A minoria alauíta, da qual a família de Assad faz parte, controla o governo. Num país de maioria sunita, os Assad se cercaram de outro grupo minoritário, os xiitas, para conduzir o país. Ao contrário do que aconteceu no Egito, onde os militares pularam fora da aliança com Mubarak e, sem romantismos, conseguiram derrubá-lo, os postos estratégicos do exército sírio são ocupados por militares xiitas. Bashar al-Assad foi mais esperto que seu colega egípcio e criou uma estrutura capaz de defendê-lo no caso de uma grave crise institucional, como esta que ocorre agora.
Do outro lado, a pressão dos grupos sunitas é enorme. Eles estão por toda a parte nos ataques a Assad. Oficialmente – os governos de Arábia Saudita e das monarquias do Golfo Pérsico – e ilegalmente: os combatentes que integram o tal “Exército Livre da Síria”. Para quem acha tudo isso estranho, uma informação que vai deixar a confusão ainda mais surpreendente: a al-Qaeda está no país e luta junto a este exército. Como o grupo terrorista é sunita, está interessadíssimo em derrubar Bashar al-Assad.
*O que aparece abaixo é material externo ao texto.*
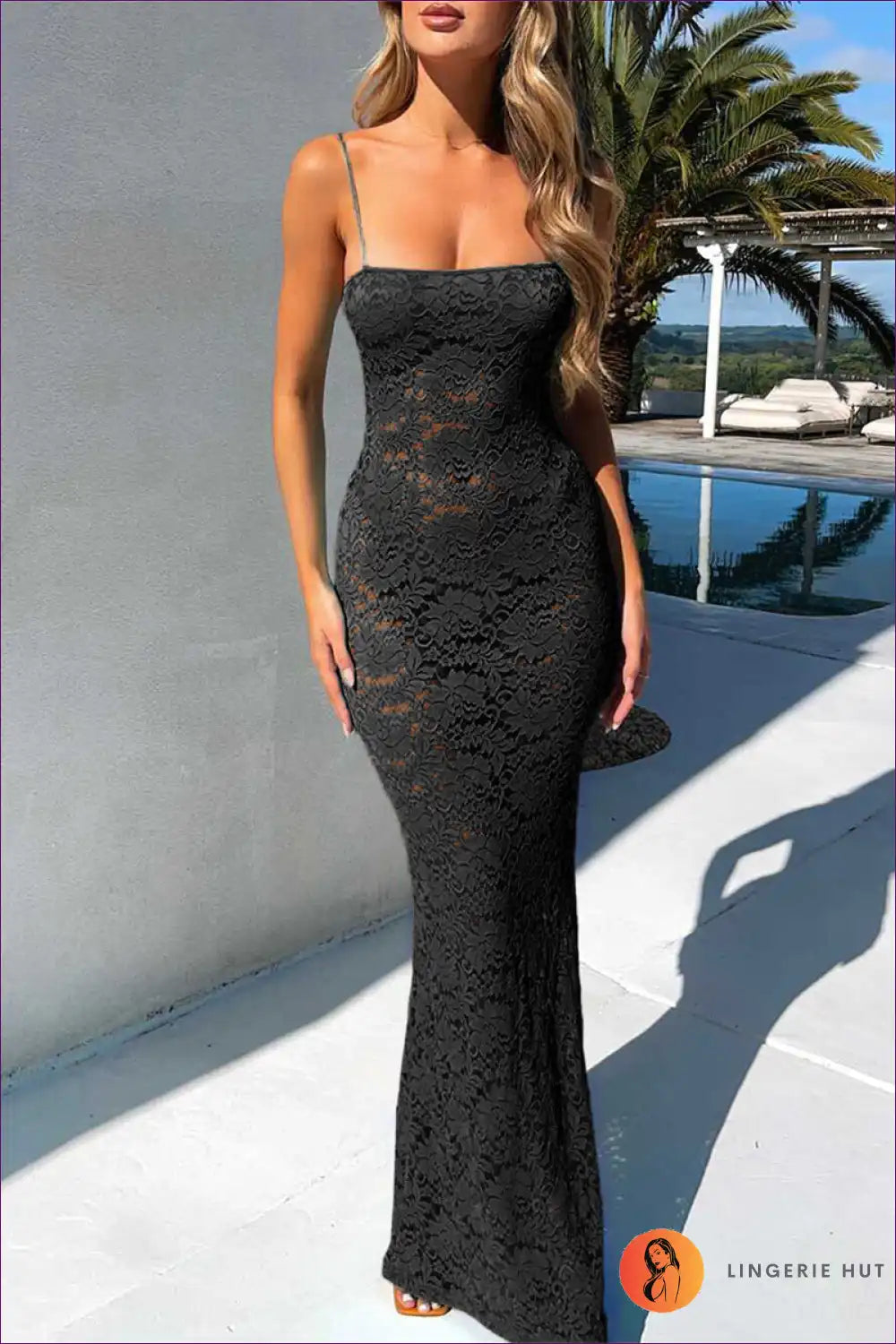 Midi Dress with Lace Overlay - Mediterranean Evenings for A-line, Date Night, Dress, Evening Wear, Formal Wear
Curiosamente, esta é exatamente a mesma posição da Arábia Saudita, um dos principais aliados americanos no Oriente Médio, e dos próprios EUA – que, depois de relutarem em pedir a saída do presidente sírio, agora já admitem que não há solução ao problema sem que o líder político deixe o cargo.
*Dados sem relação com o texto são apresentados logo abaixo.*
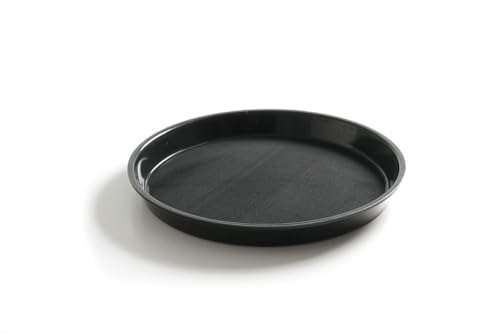 HENDI Bandeja de Servicio, Redonda, con Borde Alto, Antideslizante, Multiusos, para buffets, Bandeja de Cocina para Servir Comida rápida, Bebidas, Fast Food, ⌀360x(H) 39mm, Polipropileno, Negro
Al-Qaeda e EUA estão do mesmo lado. E, nos últimos tempos, esta não é a primeira vez; durante o processo de queda do presidente líbio Muamar Kadafi, a al-Qaeda não apenas lutou pela deposição do ditador, mas também, na prática, esteve ao lado das forças da Otan. No entanto, se as fidelidades étnico-religiosas do Oriente Médio acabam formando essas estranhas alianças, elas também são responsáveis, em boa parte, pelo impasse atual. Afinal, a dinastia Assad não vai simplesmente atender aos apelos ocidentais e entregar o país aos sunitas. Para se sustentar, recorre ao outro lado da balança: o eixo xiita – que tem no Irã sua expressão regional mais importante.